Bearish sentiment is building in cryptocurrencies such as Bitcoin and Ether, as investors weigh the Omicron variant and other new macro risks.

OZAN KOSE/AFP/Getty Images

Bitcoin and other cryptos were sinking on Monday as investors continued to worry about a worsening macro climate, tighter monetary policies and an economic slowdown related to the Omicron variant.

Bitcoin was off 8.7% Monday to around $46,000. Ether, the coin of the Ethereum blockchain network, was down 11% to $3,700. Many “alt-coins” were faring worse, including Solana, down 13%, and Terra, off 14%.

Bitcoin is now down more than 30% in 35 days, and is off nearly $23,000 from its early November peaks around $69,000. The technical setup implies further declines, moreover, with the crypto breaching support levels.

“Tends remain bearish near-term and momentum has not showed proper evidence of stabilizing in a way that should allow a bounce to unfold just yet,” Fundstrat Global Advisors wrote in a note on Monday morning.

Fundstrat expects Bitcoin to trade down over the next four to six days since it has breached recent lows around $47,660. Its next test level will be $41,634.

Ether has also breached an important support level of $3,900. “Any break of $3,900 turns trends bearish near-term, leading down to $3,521 initially,” Fundstrat says, “so it’s quite important that ETH holds support on this most recent retest.” 
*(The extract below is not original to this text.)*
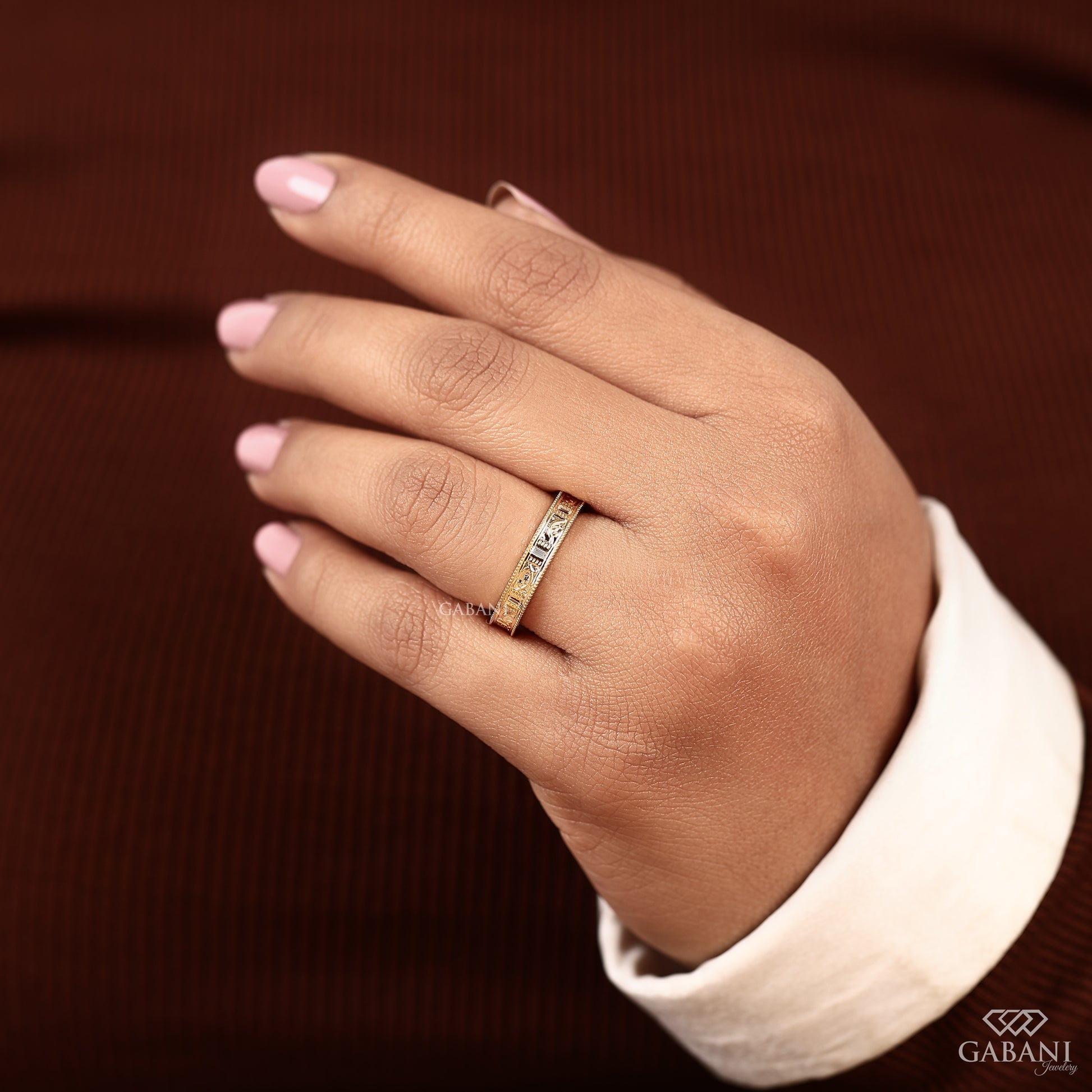 Macro detail of milgrain edge and leaf motif on yellow gold ring, highlighting texture, engraving, and subtle diamond sparkle
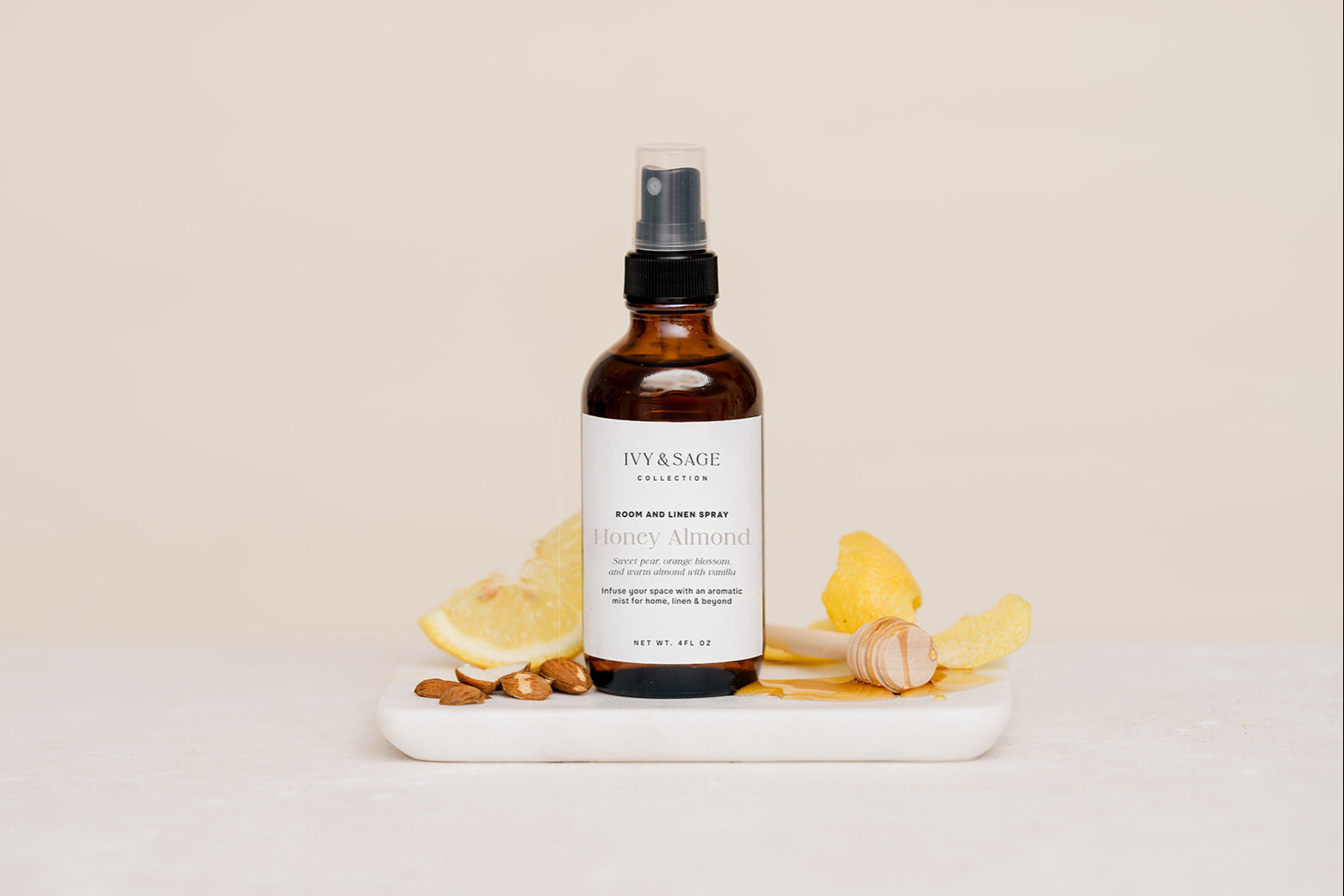 Bottle of Honey Almond body Room & Linen spray on a white surface with lemons, almonds and honey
Some of the weakness in crypto may be due to short-term momentum factors. Since mid-October, the supply of Bitcoin owned by short-term holders has increased by over 330,000 coins. Some of that new money may now be fleeing. More than $3 billion in long positions has been liquidated from global exchanges since Dec. 1, according to data from Coinglass.
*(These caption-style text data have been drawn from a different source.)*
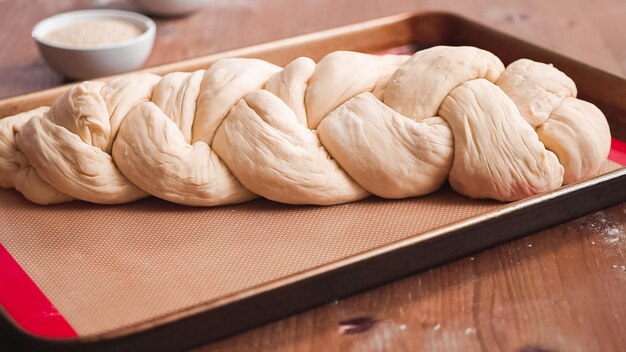 Paso a paso. Masa de jalá brazada en hogaza de pan en una bandeja para hornear.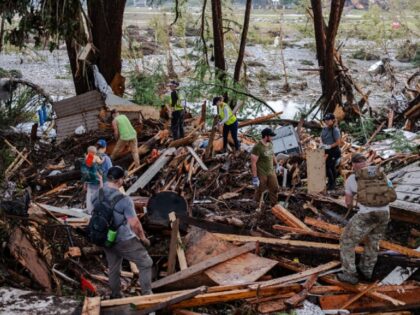 HUNT, TEXAS - JULY 6: Search and rescue workers dig through debris looking for any survivo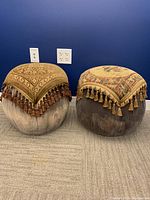 Two round poufs with fabric tops and tassels placed side by side on carpet with blue wall background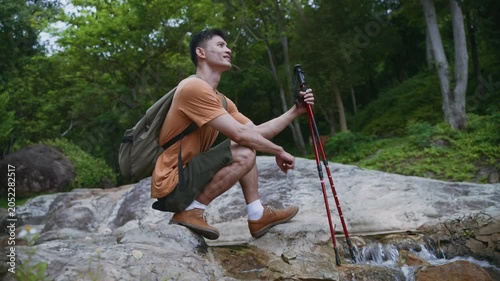 Active young asian man with a backpack and trekking poles resting by a stream in the forest, touching the cool water with his hand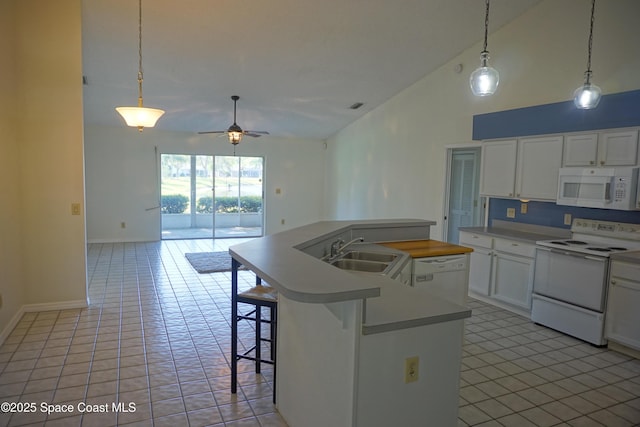 kitchen featuring white cabinetry, white appliances, an island with sink, and a sink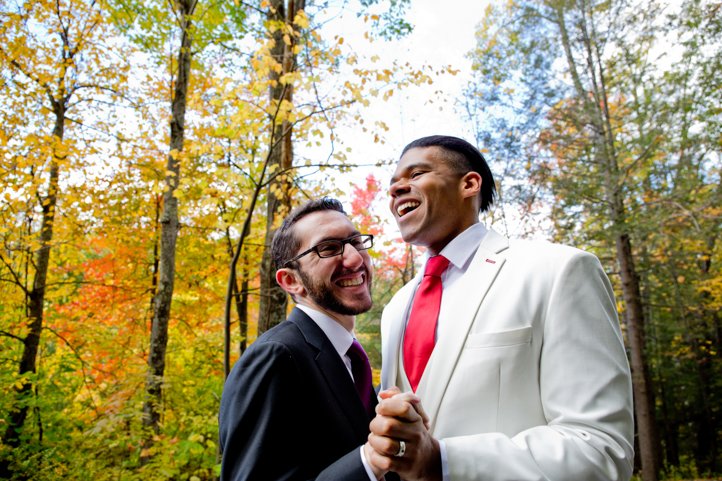 Arthur &amp; Scott smile holding hands in front of fall foliage in the Catskills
Open interest in Bitcoin futures is also falling, down 4.1% in the last 24 hours, worth $17.2 billion in contract value. Inflows into crypto funds are trending lower, dropping to $88 million this past week, from $184 million in the prior week, and well below the $306 million of inflows in the week of Nov. 29, according to CoinShares.
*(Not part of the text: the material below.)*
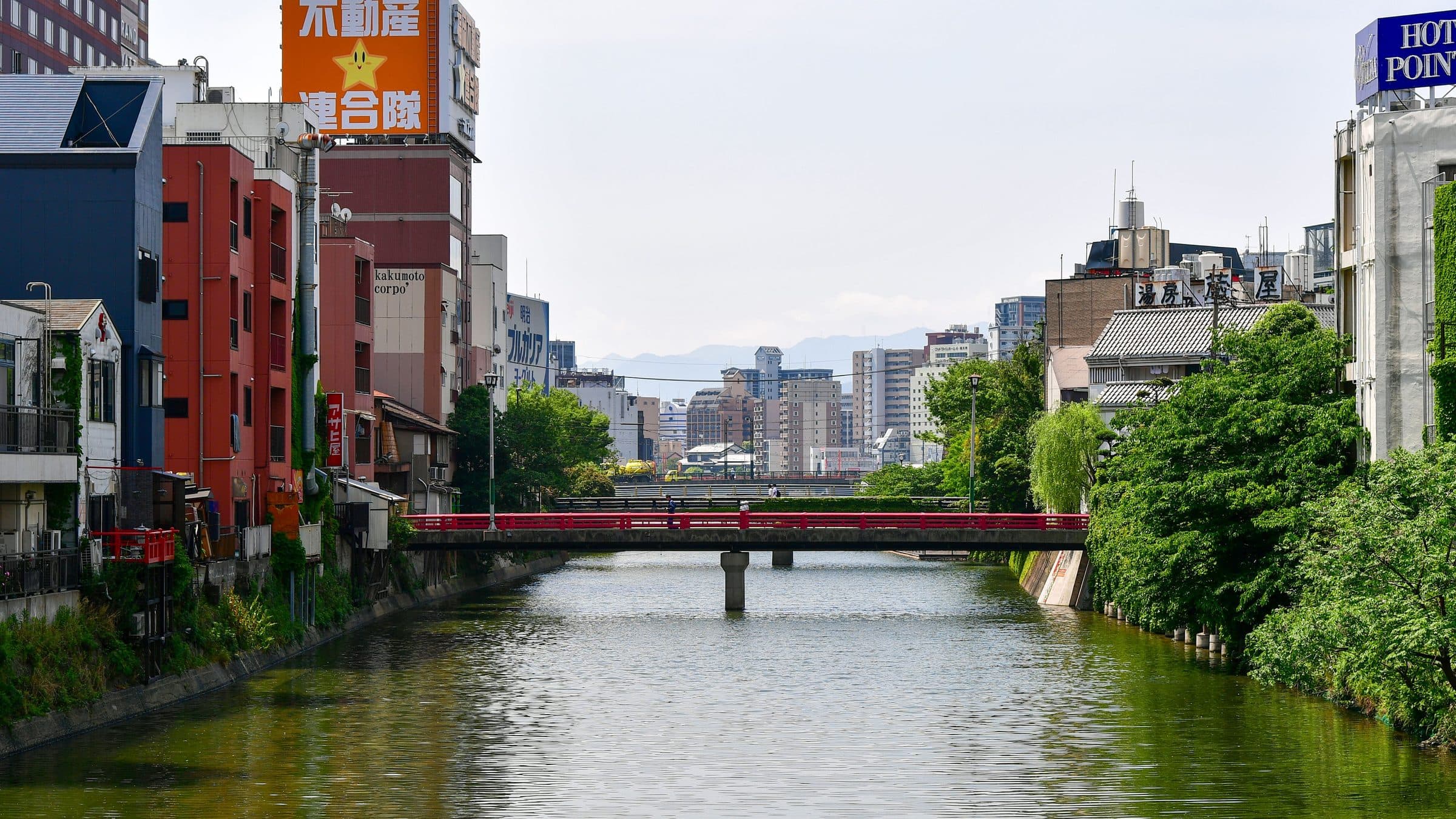 Vista do Rio Naka com ponte vermelha e edifícios ao redor em Fukuoka, no Japão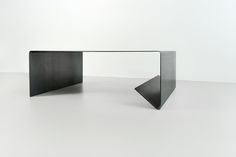 a black table sitting on top of a white floor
The positive spin on the liquidations and outflows is that traders are withdrawing in anticipation of another bounce higher. But that presumes a broader appetite for risk, which may be tough to swallow now.

More than a dozen central banks are meeting this week to reassess monetary policies and interest rates , including the Federal Reserve, scheduled to meet on Tuesday and Wednesday. The market is clearly on edge that Fed Chairman Jerome Powell could turn more hawkish, indicating that the Fed will wind down its $120 billion of monthly bond purchases sooner than expected—a precursor to raising rates sooner than anticipated, as well—now expected to start in June 2022.

Tech stocks sold off on Monday at the prospect of higher rates—which erode the present value of future cash flows. The bond market appeared more concerned about slowing economic growth, with the yield on the 10-year Treasury note sliding to 1.43% from 1.49%.

Cryptos may be caught in the middle. The market is suffering as investors bet on less liquidity, slower economic growth, and a tougher outlook for all “risk assets” in 2022. If there’s a flight to safety, crypto isn’t looking like much of a harbor.